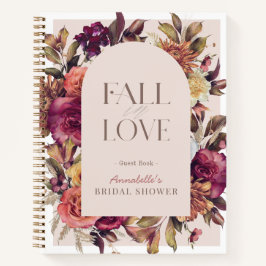 Fall in Love Wreath Pink Bridal Shower Guest Book Notizbuch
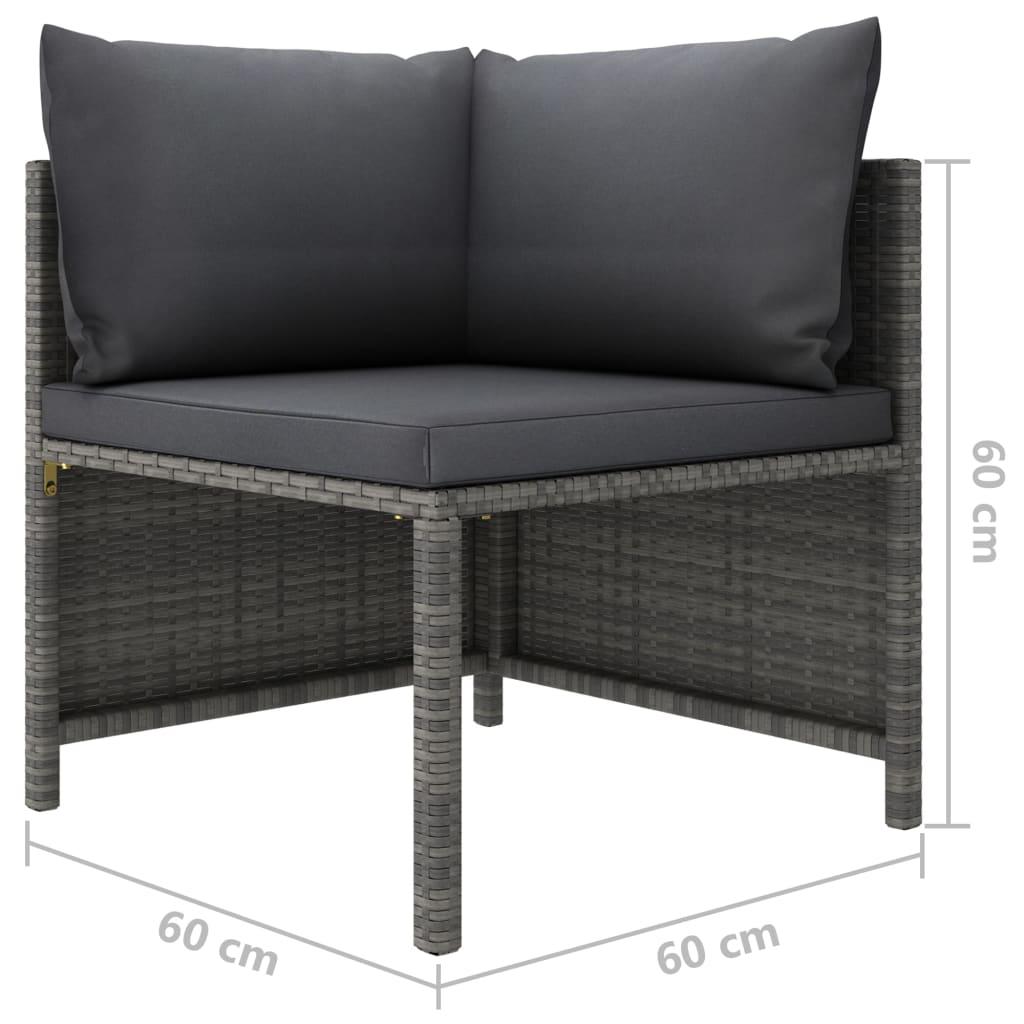 7-tlg. Garten-Lounge-Set mit Kissen Poly Rattan Grau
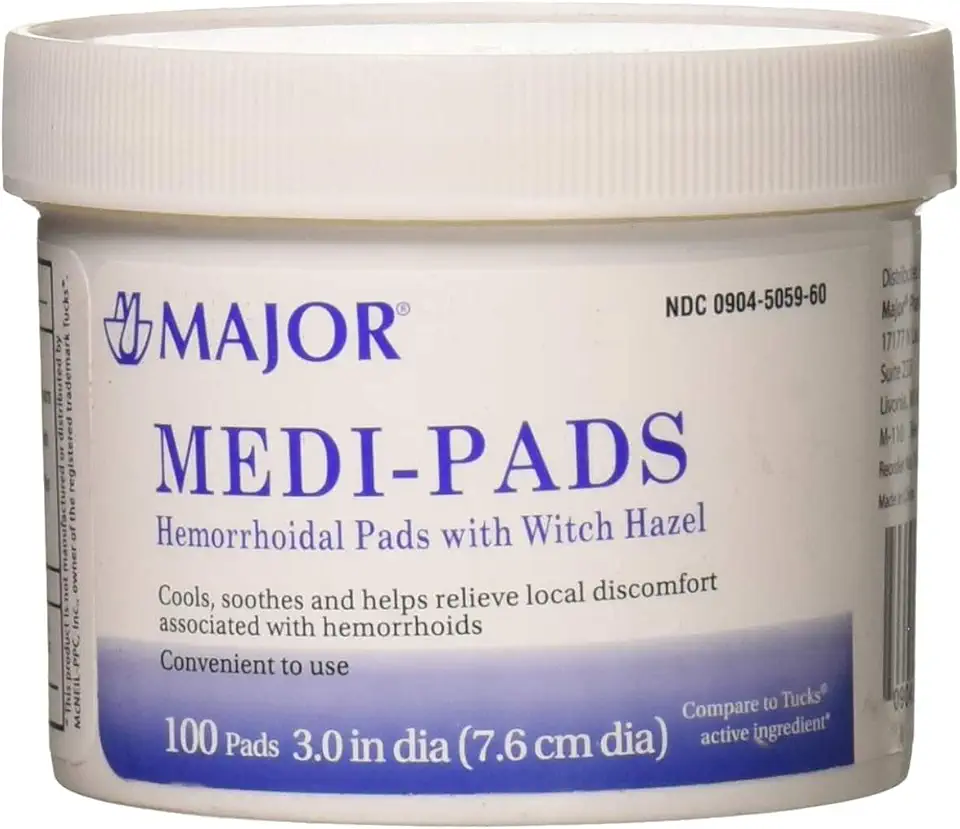 Medi-Pads Maximum Strength With Witch Hazel Hemorrhoidal Hygienic Cleansing Pads 100 Ct *Compare to the same active ingredient in Tucks Pads & Save!* by Tucks Medicated Pads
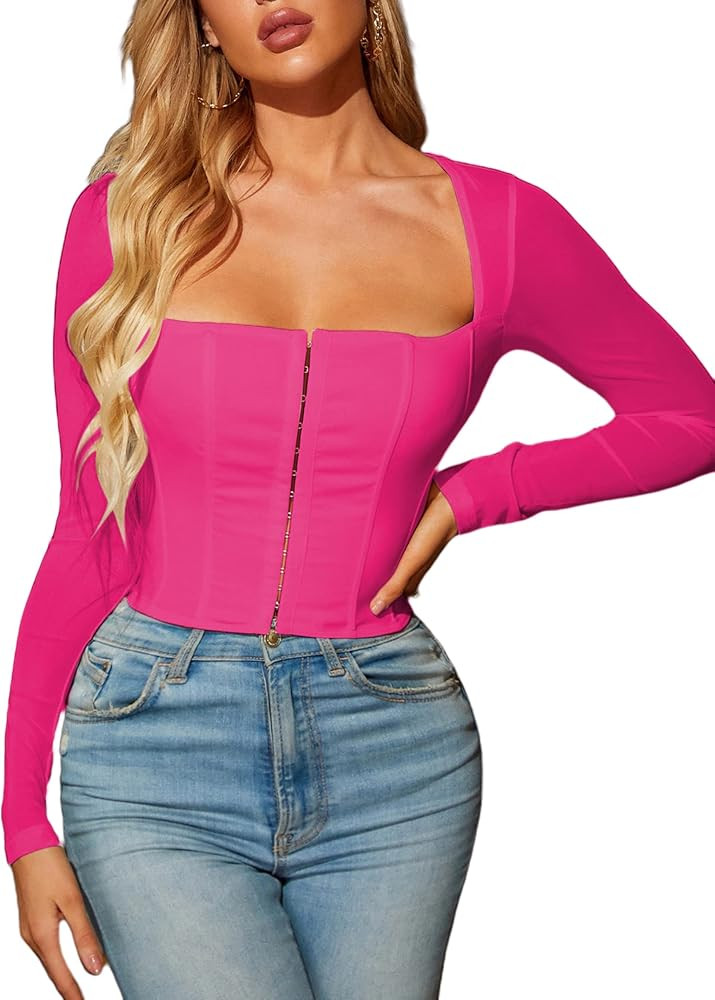 Remidoo Women's Sexy Square Neck Mesh Long Sleeve Bustier Corset Crop Top Clubwear | Amazon (US)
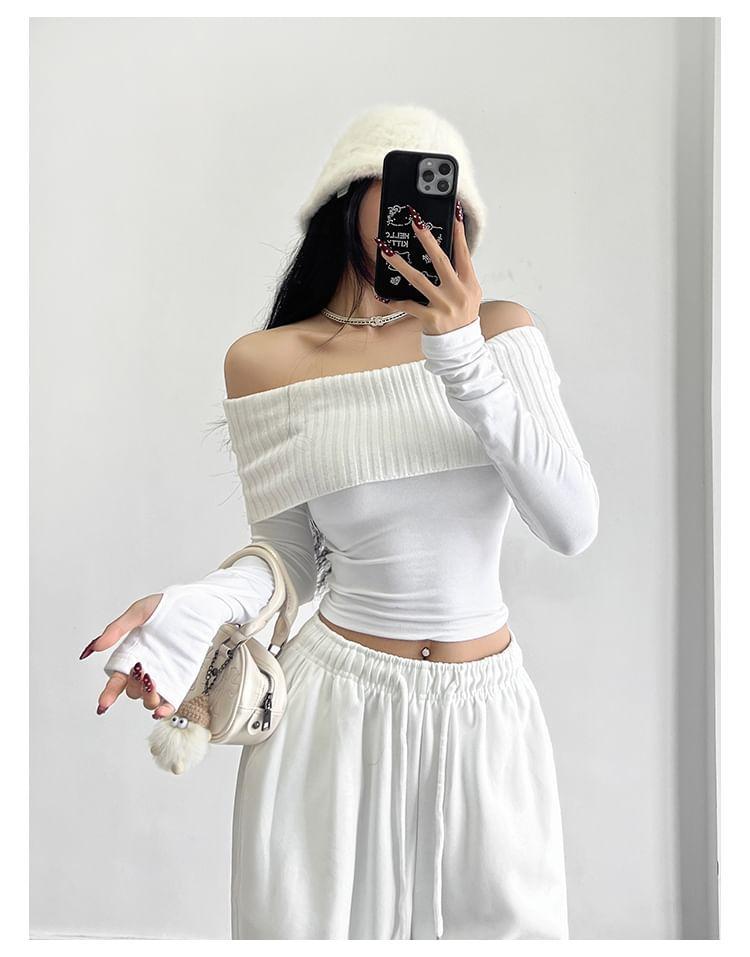 Flip-Over Off-Shoulder Crop Tee Product Image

**Work to complete**
Leave out the pictures and copy the rest of the material above exactly.

**Response area**
 Fall in Love Wreath Pink Bridal Shower Guest Book Notizbuch
 7-tlg. Garten-Lounge-Set mit Kissen Poly Rattan Grau
 Medi-Pads Maximum Strength With Witch Hazel Hemorrhoidal Hygienic Cleansing Pads 100 Ct *Compare to the same active ingredient in Tucks Pads & Save!* by Tucks Medicated Pads
 Remidoo Women's Sexy Square Neck Mesh Long Sleeve Bustier Corset Crop Top Clubwear | Amazon (US)
 Flip-Over Off-Shoulder Crop Tee Product Image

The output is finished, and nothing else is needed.